RECORD EXTRACTS:
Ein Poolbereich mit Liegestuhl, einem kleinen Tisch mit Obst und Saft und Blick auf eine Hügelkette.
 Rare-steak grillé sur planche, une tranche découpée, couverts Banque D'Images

==

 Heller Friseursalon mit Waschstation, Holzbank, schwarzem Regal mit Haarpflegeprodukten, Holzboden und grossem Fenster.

INSTRUCTIONS TO FOLLOW:
All lines above from the one holding "Ein Poolbereich mit" to the one holding "Rare-steak grillé sur", inclusive, are to be copied exactly; no other line is wanted.

ANSWER BOX:
Ein Poolbereich mit Liegestuhl, einem kleinen Tisch mit Obst und Saft und Blick auf eine Hügelkette.
 Rare-steak grillé sur planche, une tranche découpée, couverts Banque D'Images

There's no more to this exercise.